== Segment start ==

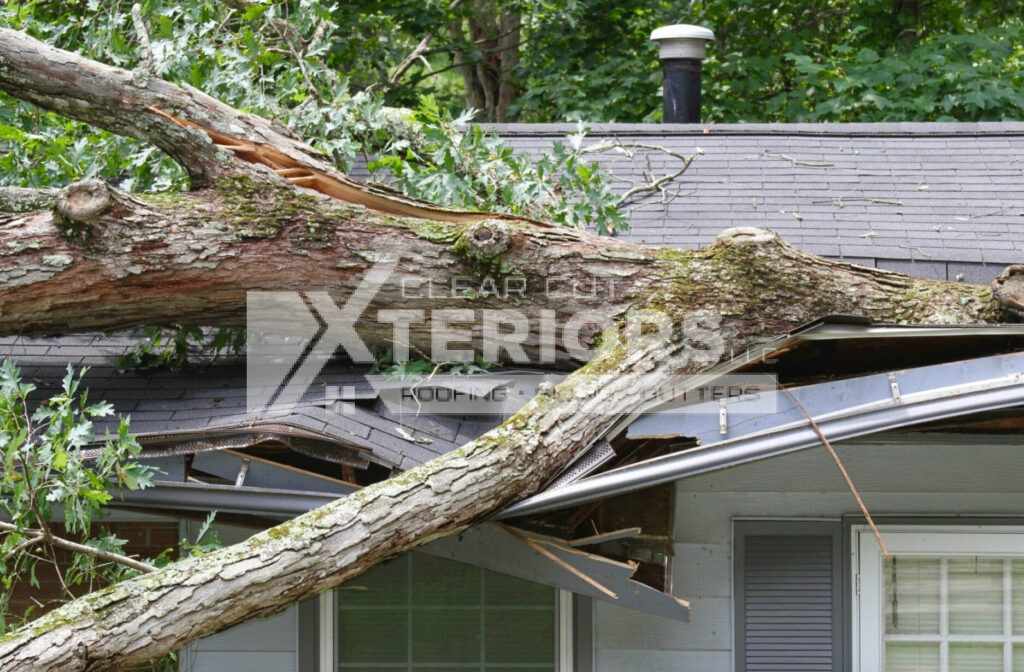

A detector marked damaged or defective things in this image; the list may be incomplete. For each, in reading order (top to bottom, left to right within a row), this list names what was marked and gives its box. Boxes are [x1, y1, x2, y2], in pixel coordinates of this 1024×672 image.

bent gutter [499, 352, 1024, 520]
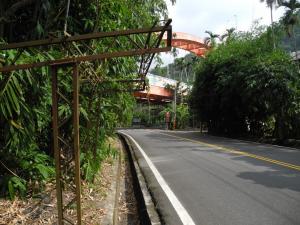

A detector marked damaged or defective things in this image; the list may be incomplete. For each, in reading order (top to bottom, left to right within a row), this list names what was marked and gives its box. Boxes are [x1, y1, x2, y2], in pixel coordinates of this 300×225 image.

rusted horizontal beam [0, 21, 171, 50]
rusted horizontal beam [0, 46, 170, 72]
rusty metal frame [0, 19, 172, 225]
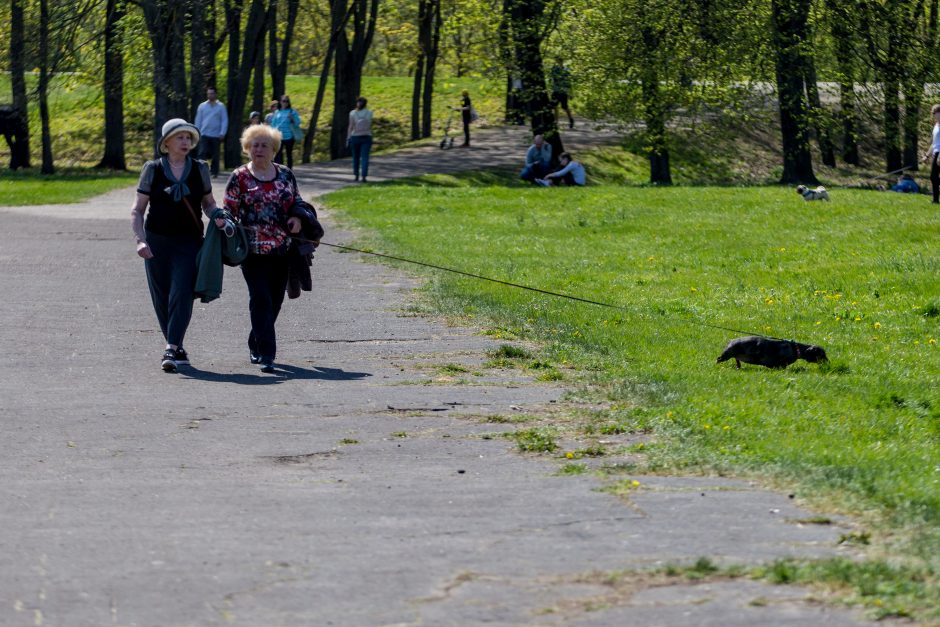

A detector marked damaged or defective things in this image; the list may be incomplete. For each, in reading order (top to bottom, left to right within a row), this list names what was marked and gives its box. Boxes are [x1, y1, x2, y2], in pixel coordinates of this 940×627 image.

cracked pavement [1, 126, 872, 624]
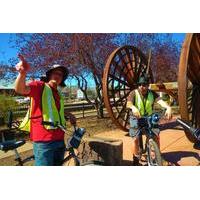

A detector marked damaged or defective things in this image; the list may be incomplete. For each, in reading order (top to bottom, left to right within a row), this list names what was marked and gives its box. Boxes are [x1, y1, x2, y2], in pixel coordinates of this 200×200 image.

rusted metal structure [103, 33, 200, 144]
rusted metal structure [178, 33, 200, 142]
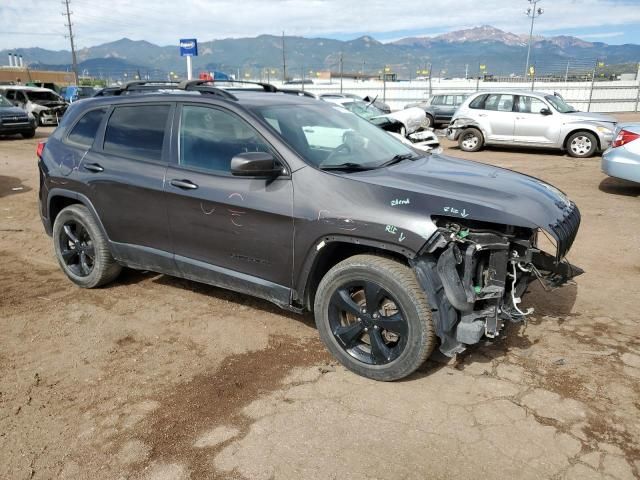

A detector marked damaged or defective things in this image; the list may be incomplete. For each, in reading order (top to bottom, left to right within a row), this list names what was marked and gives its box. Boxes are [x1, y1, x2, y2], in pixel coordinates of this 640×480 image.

damaged white car [0, 86, 68, 126]
damaged front end [412, 206, 584, 356]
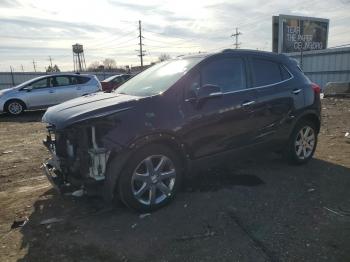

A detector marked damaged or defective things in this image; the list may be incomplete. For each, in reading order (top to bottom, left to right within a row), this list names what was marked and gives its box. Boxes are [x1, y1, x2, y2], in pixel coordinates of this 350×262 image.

crumpled front end [42, 123, 110, 194]
damaged hood [43, 91, 141, 129]
damaged buick encore [42, 49, 322, 212]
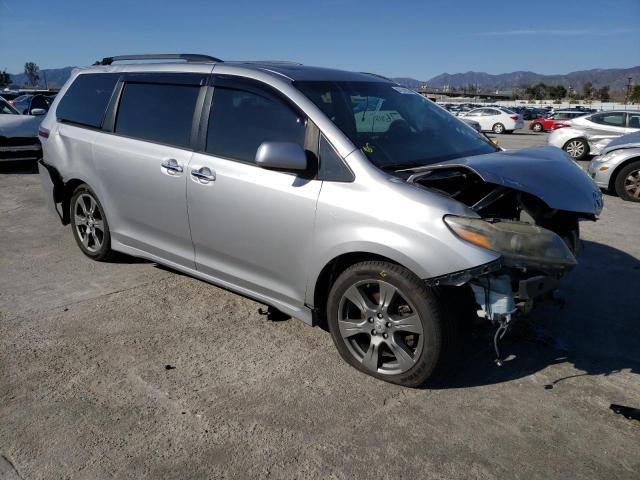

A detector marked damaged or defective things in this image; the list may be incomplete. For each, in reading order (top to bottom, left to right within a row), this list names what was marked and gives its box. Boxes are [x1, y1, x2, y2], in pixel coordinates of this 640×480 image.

crumpled hood [0, 115, 41, 138]
crumpled hood [422, 145, 604, 215]
damaged front end [410, 146, 604, 364]
broken headlight [444, 216, 576, 268]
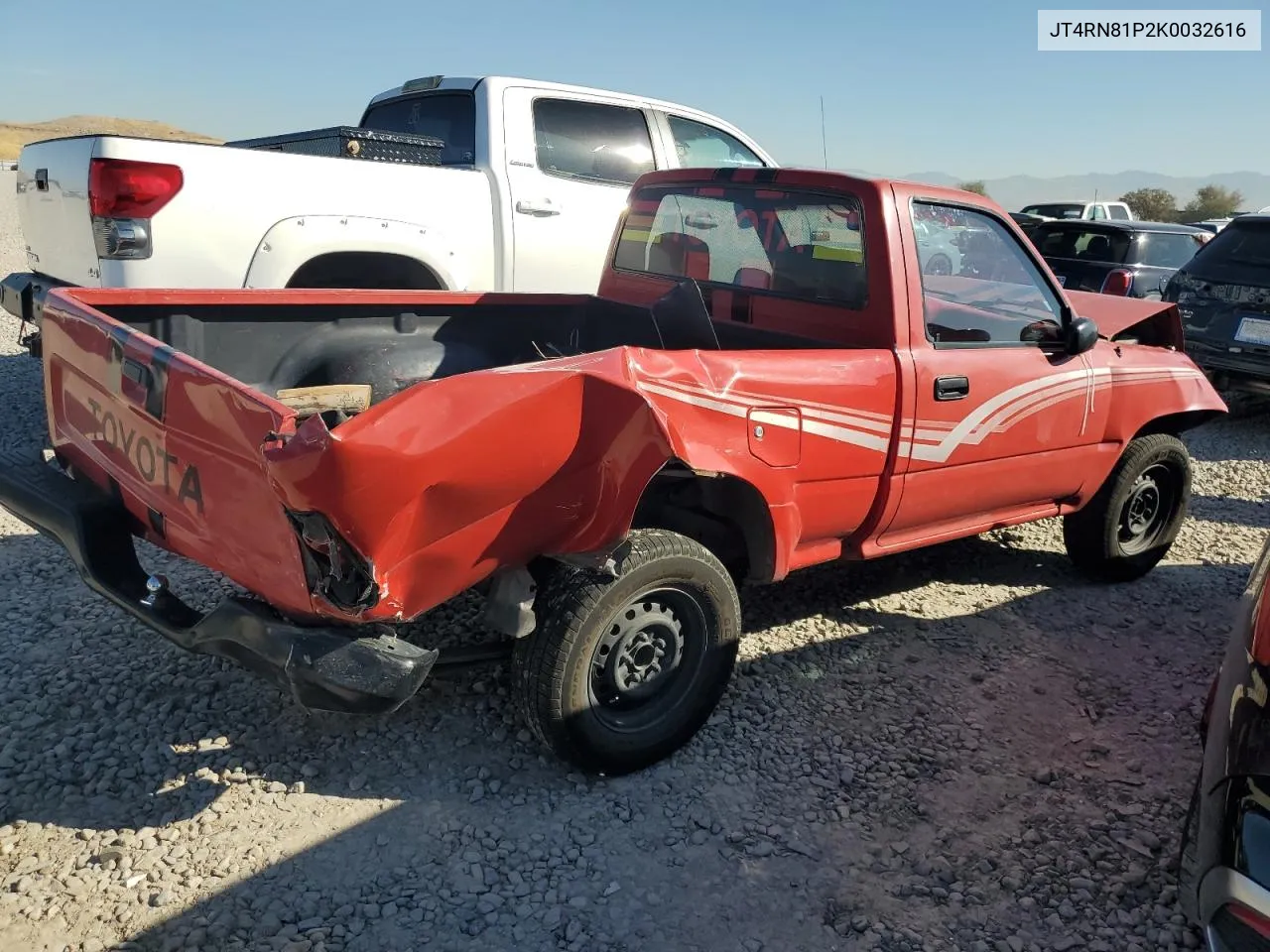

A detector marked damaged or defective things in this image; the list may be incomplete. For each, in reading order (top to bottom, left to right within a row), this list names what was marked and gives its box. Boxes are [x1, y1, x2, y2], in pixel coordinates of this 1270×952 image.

== Segment end ==

Your reply should restate every entry exactly, with the pictures left out.

YOUR SOLUTION>
A detector marked damaged or defective things in this image; the list may be incomplete. For each, in reading order (top to bottom, left to right within a row), this list names what was marked and gives its box. Boxes are [x1, y1, x2, y2], in pixel coordinates of this 1024×672 image.

bent gutter [499, 352, 1024, 520]

A detector marked damaged or defective things in this image; the list may be incomplete. For each, in reading order (top to bottom, left to right within a row), this list names what was marked and gives its box. Boxes are [x1, y1, x2, y2], in pixel coordinates of this 300×225 image.

rusted horizontal beam [0, 21, 171, 50]
rusted horizontal beam [0, 46, 170, 72]
rusty metal frame [0, 19, 172, 225]

A detector marked damaged or defective things in this image; the list may be incomplete. For each, in reading order (top to bottom, left to right within a row), this list names what was marked and gives its box. Boxes are [x1, y1, x2, y2], in pixel coordinates of this 940×627 image.

cracked pavement [1, 126, 872, 624]

A detector marked damaged or defective things in this image; the list may be incomplete. For each, in reading order (top to bottom, left to right within a row), this list names what was marked and gives its box. Boxes are [x1, y1, x2, y2], in pixel coordinates of this 200×200 image.

rusted metal structure [103, 33, 200, 144]
rusted metal structure [178, 33, 200, 142]

A detector marked damaged or defective things in this image; the list may be incomplete. For each, in reading order (top to bottom, left to right within a row), this list names what was marked and gives its box. Boxes are [x1, y1, x2, y2], in pixel coordinates of this 640×480 image.

damaged white car [0, 86, 68, 126]
damaged front end [412, 206, 584, 356]

A detector marked damaged or defective things in this image; the list may be incomplete. For each, in reading order (top to bottom, left to right within a row), this list names what was marked and gives its box. Boxes are [x1, y1, x2, y2], in pixel coordinates of this 350×262 image.

crumpled front end [42, 123, 110, 194]
damaged hood [43, 91, 141, 129]
damaged buick encore [42, 49, 322, 212]

A detector marked damaged or defective things in this image; the list may be incomplete. For each, in reading order (top to bottom, left to right within a row), this list names what was marked and gives its box. Boxes are [x1, y1, x2, y2], in pixel coordinates of this 640×480 image.

crumpled hood [0, 115, 41, 138]
crumpled hood [422, 145, 604, 215]
damaged front end [410, 146, 604, 364]
broken headlight [444, 216, 576, 268]

A detector marked damaged or defective things in this image; the list may be incomplete. For each, in reading order (top to bottom, left to right within a row), this list names what was marked and gives its box. Boxes are [x1, y1, x2, y2], in pixel coordinates of this 1270×952 image.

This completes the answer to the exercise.